- _ABOUT THIS EXERCISE_: Extract the lines beginning at the one that holds "Evolution et montant" and ending at the final line of the material below, keeping them exact and leaving out all pictures.

- _DATASET SECTION_:
● ● ● ● ●
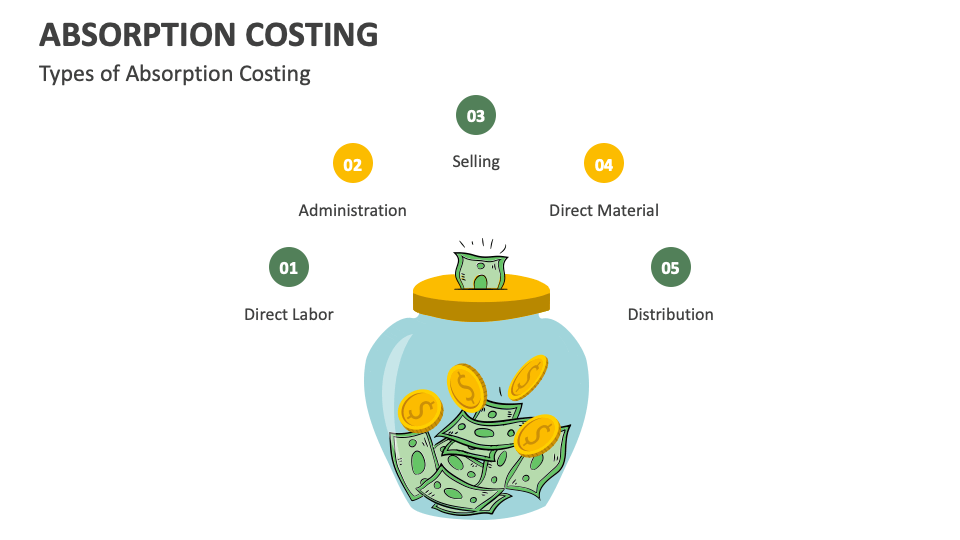 absorption-costing-powerpoint-and-google-slides-template-ppt-slides
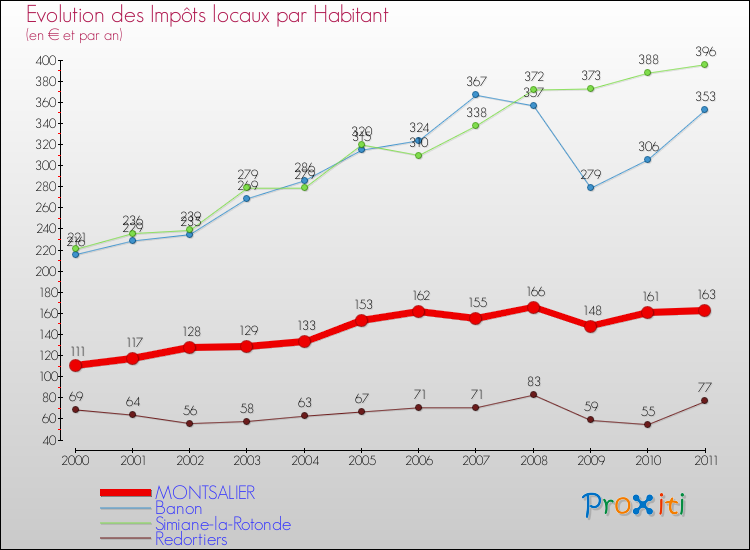 Evolution et montant des impôts locaux par Habitant pour MONTSALIER et les communes proches Comparaison des impôts locaux par habitant pour MONTSALIER et les communes voisines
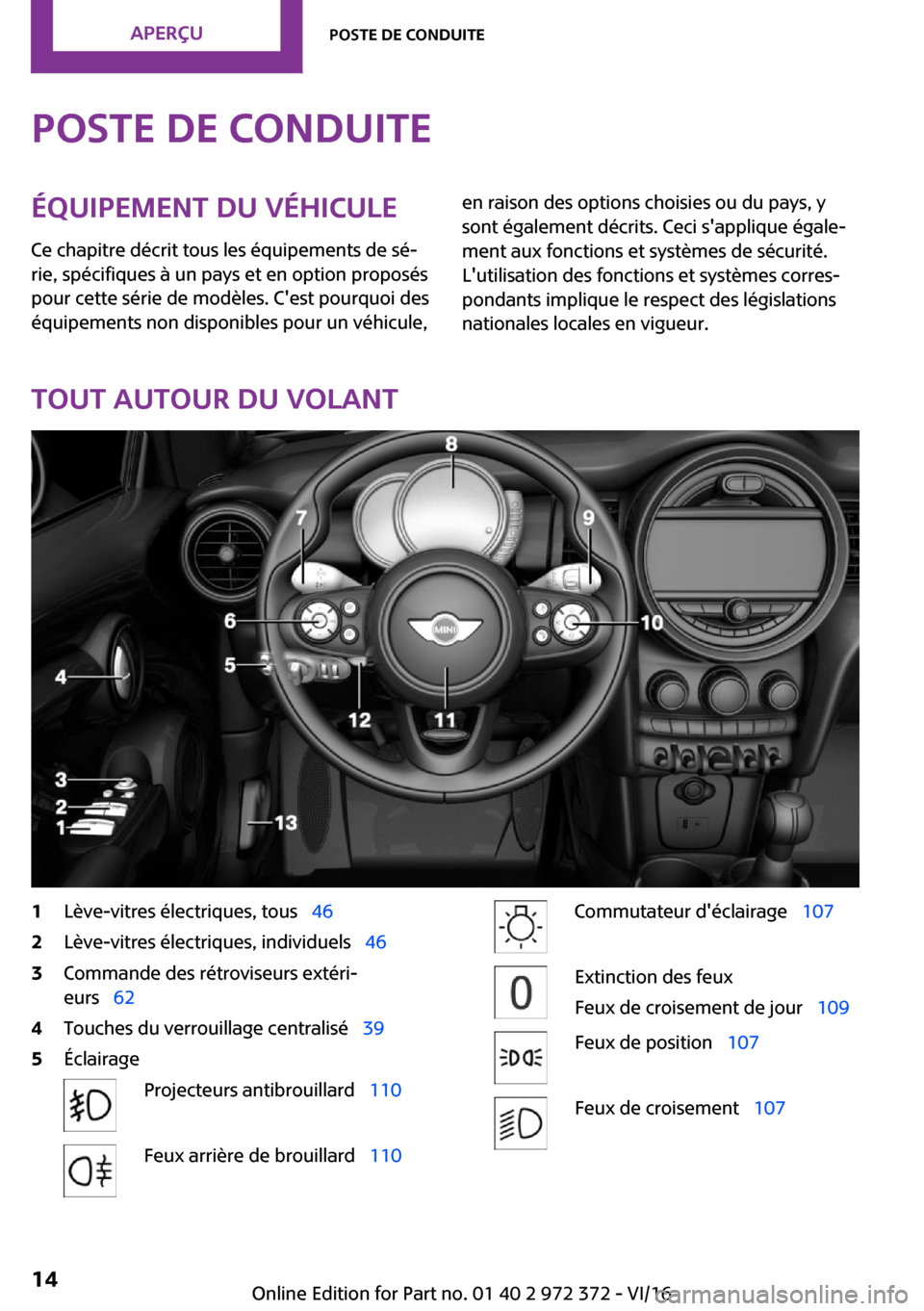 MINI Convertible 2016  Manuel du propriétaire (in French) �P�o�s�t�e��d�e��c�o�n�d�u�i�t�e�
● ● ● ● ●
- _SOLUTION FOR THIS PROBLEM_:
 Evolution et montant des impôts locaux par Habitant pour MONTSALIER et les communes proches Comparaison des impôts locaux par habitant pour MONTSALIER et les communes voisines
 MINI Convertible 2016  Manuel du propriétaire (in French) �P�o�s�t�e��d�e��c�o�n�d�u�i�t�e�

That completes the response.